One of the points I have been trying to make here from the start is that it is a mistake to generalize across cultures. That is a tendency on the part of Americans and it has gotten us in some trouble in Iraq and in other places (including in business, I might add.) But generalize we do.
The reason for this is that generalizing about human beings is a part of our culture. We will argue to the heavens, though, that it's not a cultural matter but a rational one. I get this all the time and have had a tough time with students when I raise that issue in the cross-cultural courses I teach. But it is a fact; Americans generalize about human beings because it is a part of our culture to do that. "All men are created equal" is an expression of this. The idea expressed by all pols no matter where they are found along the political spectrum that all people want liberty is another example of this.
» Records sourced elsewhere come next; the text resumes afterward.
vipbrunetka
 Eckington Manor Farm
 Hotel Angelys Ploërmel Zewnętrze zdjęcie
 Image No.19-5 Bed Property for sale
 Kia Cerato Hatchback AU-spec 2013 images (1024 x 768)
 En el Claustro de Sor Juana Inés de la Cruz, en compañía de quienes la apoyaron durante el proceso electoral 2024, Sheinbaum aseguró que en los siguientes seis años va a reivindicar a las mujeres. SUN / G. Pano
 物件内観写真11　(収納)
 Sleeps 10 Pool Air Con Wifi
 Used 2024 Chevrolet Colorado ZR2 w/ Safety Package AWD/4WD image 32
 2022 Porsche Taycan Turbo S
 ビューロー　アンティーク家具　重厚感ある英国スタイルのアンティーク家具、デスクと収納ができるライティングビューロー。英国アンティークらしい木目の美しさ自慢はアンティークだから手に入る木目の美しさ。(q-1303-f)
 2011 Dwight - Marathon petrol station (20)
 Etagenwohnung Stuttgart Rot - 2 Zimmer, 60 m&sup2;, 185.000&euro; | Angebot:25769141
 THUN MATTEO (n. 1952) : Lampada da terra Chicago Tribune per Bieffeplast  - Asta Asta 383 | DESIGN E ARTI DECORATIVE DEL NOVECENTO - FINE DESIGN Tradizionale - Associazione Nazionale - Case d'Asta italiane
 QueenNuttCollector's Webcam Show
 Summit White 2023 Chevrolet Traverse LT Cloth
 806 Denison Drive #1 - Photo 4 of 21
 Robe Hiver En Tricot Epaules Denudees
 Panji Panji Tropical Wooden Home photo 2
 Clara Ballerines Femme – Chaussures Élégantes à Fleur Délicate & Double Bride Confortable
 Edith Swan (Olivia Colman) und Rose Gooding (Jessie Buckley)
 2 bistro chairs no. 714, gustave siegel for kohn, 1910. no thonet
But the fact is that people are different and the cultures that set the limits about what is acceptable from them, are all different too. And we need to understand that if we are going to be of any use in trying to solve the problems of the world. From my perspective, though, very few consultants, even the high powered types they fly in to staff these country programs, understand this. They figure if you tinker with the system and get it perfectly balanced, all fine tuned, then you can fly home with another successful country program under your belt and post your resume for the next challenge. But that is a typical American response. Why do they do that? Because it works in America. The problem is that it does not work in other cultures.
An example: They fly in consultants into this part of the world to help get the country humming along democratically. What they end up doing mostly, is writing laws and setting rules and procedures for it all. And what is the result? A nice, pretty new collection of laws of the country but no real change in the way the country does it's business.
The big problem here is corruption and it is a cultural problem, not a legal problem. Everyone points to that nasty little man Kuchma and talks about how bad he was while they go to the premiere school in the area and pay $300 to the principal to get their little dear enrolled. All understood by everyone, all accepted and acceptable, and all perfectly illegal under the law. But Kuchma is the bad guy.
What is going to change that kind of thing? Passing more laws?
Milton Friedman the acclaimed economist once said that he got it wrong in Russia. He had said, "Privatize, privatize, privatize." But he understood that was wrong now. Instead it should have been, "Rule of law, rule of law, rule of law." Well, he's still got it wrong. It is "Culture, culture, culture." And that is a beast of a different order of magnitude.
Here's a quote from Orwell that expresses the point: "Till recently it was thought proper to pretend that human beings are very much alike, but in fact anyone able to use his eyes knows that the average of human behaviour differs from country to country. Things that could happen in one country could not happen in another." It still is proper and in the US, rational to think this way.
And seeing what is before our eyes is an important thing to do if we are going to be useful at all. We in this little blog have tried to do that.